Google spoke sternly about leaving ALEC not too long ago, accusing the right-wing legislative organization of "literally lying" about climate change -- but Google still contributes to the political campaigns of inveterate climate change deniers, to the tune of almost $100,000 annually over the last seven calendar years, so Sum of Us helps you encourage Google to stop contributing to climate change-denying politicians. Don't worry that you'll accidentally snare the good politician who happens to think climate change is bunk, because climate change deniers also happen to be strict corporatists opposing any "government meddling" (i.e., your meddling, since your government belongs to you) in the "free" markets. I'm sure this is why Google still supports the campaigns of climate change deniers -- because they're more likely to get Google some tax break or other. But, really, they can't have it both ways: supporting corporatists means obstructing any meaningful attempt to deal with rising oceans, destroyed ecosystems, and more extreme weather events.
Meanwhile, Mary McDonald of Lexington, KY has started a petition on Change.org asking President Obama to pardon Aaron Glasscock, a pre-med student aiming to become a pediatrician, instead convicted of conspiracy to distribute cocaine in late 1999 with a sentence of 30 years without parole. Why? Because it sure looks like Mr. Glasscock's father and friend framed him -- his father, with whom Mr. Glasscock had very limited contact for many years, offered him a free spring break trip to Florida to Mr. Glasscock if he would drive said friend to Florida to look at houses to flip and then drive him back, with some $900,000 in the truck's second tank all set to buy cocaine with.

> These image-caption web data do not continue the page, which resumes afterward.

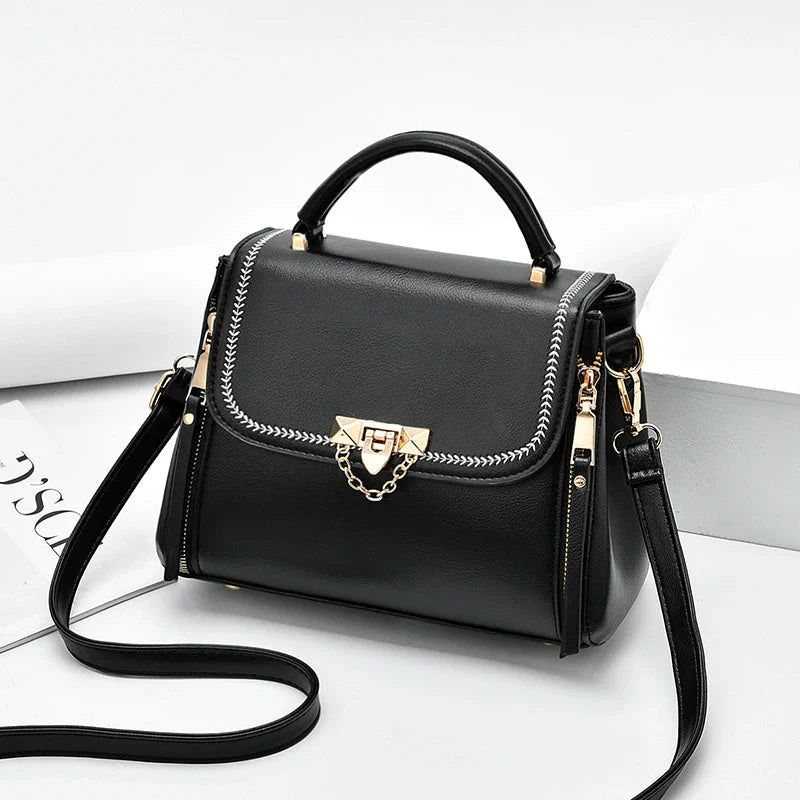Modische Mini-Handtasche mit Kettendetail für Damen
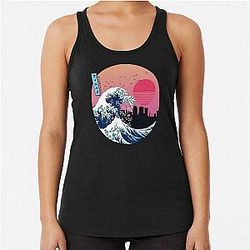 Winnipeg Kanagawa Wave Racerback Tank Top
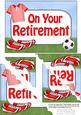 5x7 Football Retirement Scallop Corner Stacker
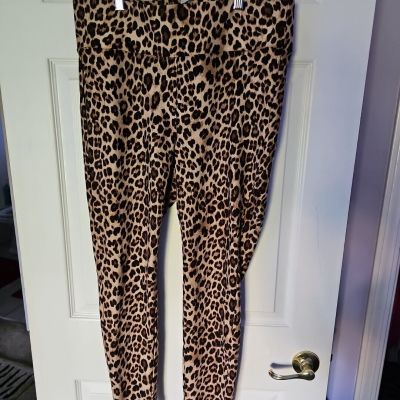 Torrid Pixie Leopard Animal Print Leggings Size 1R NWOT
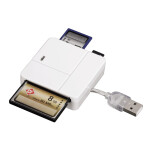 Устройство чтения карт памяти USB2.0 Hama H-94125 белый (00094125)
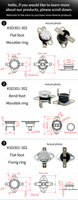 Thermostat de protection de température normalement fermé KSD301/KSD302 40~150°C 10A/16A – Composant électronique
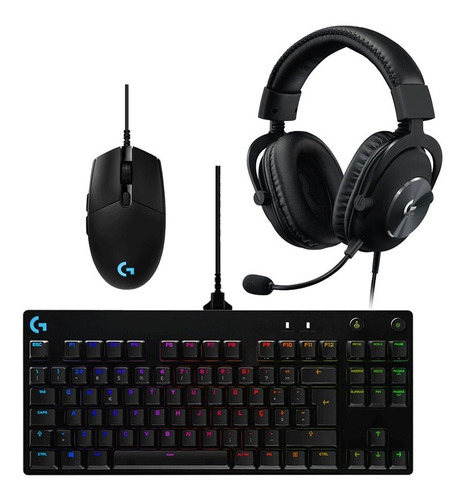 Combo Mouse / Teclado / Auricular Logitech Pro / Pro / Pro X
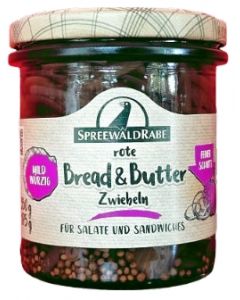 1 Glas Premium rote Zwiebeln Bread & Butter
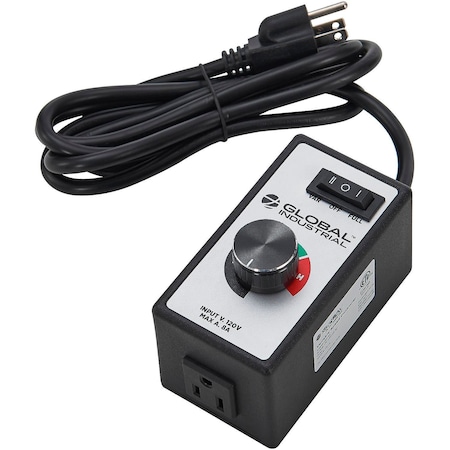 Global Industrial Variable Speed Control Switch with 6 ft Plug, 120V 293163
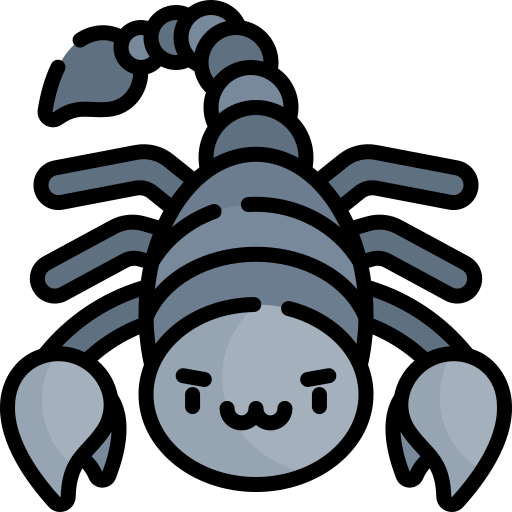 Scorpion Kawaii Lineal color icon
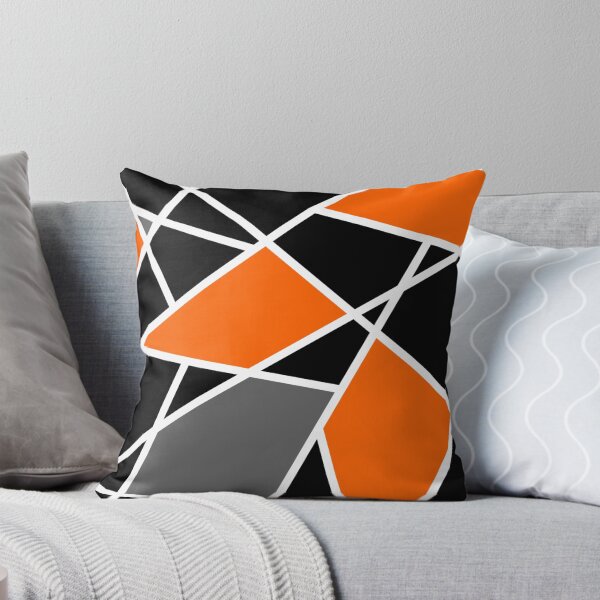 Aperçu de l'œuvre Motif orange moderne géométrique créée et vendue par MinEkkoArt.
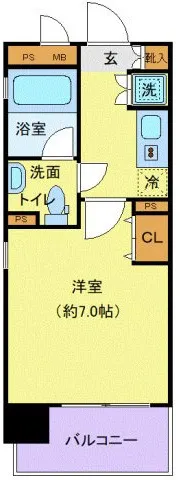Across Meguro - Floor Plan - []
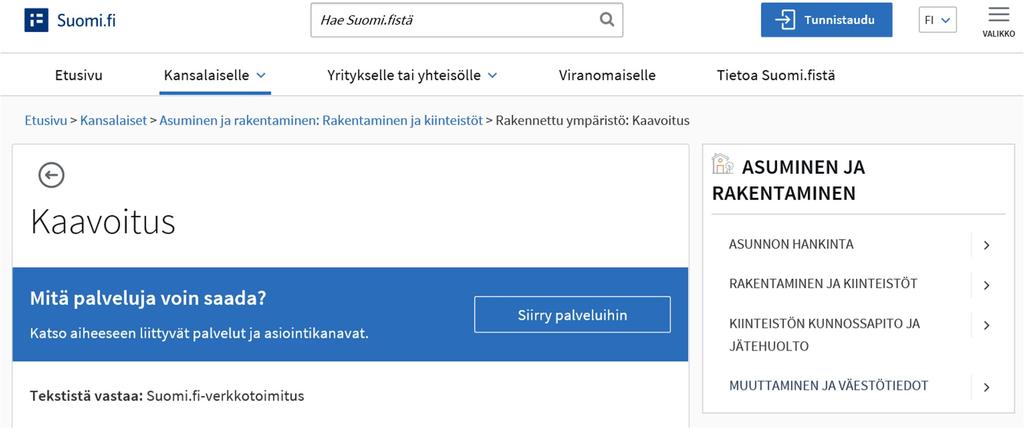 Esimerkkikuva nykyisestä Suomi.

Mr. Glasscock has been a model prisoner over the last 15 years, having kept himself busy enough with coursework and activities and jobs to make you think he'll have an easier time making it on the outside than most, and though he may disagree, I think we should blame wrongdoers more than the people unwittingly caught up in their wrongdoing. You can argue for his pardon and release here.
Finally, if you've missed previous opportunities to tell the FCC to reject the proposed Comcast/Time-Warner merger, then Free Press helps you do that. Do not be swayed by Comcast's promise to keep net neutrality protections in place -- they should be doing that anyway because it's the right thing to do, and anyway they're only making that promise until 2018, possibly hoping for another good midterm cycle for Republicans during that time. (Don't laugh: the 2010 cycle coincided with weak net neutrality rules easily discarded by the courts, almost like that was the idea.) And if Comcast takes over Time-Warner, they'll control the vast majority of the cable TV market in America, which means they'll be able to cut jobs (in the new, "streamlined" corporation resulting from the merger) and jack up prices pretty much at will -- and we'll never have the high-speed internet that results from actual competition, whether that's actual competition between corporations or actual competition between corporations and municipalities. To Comcast, one must always say: how much is enough?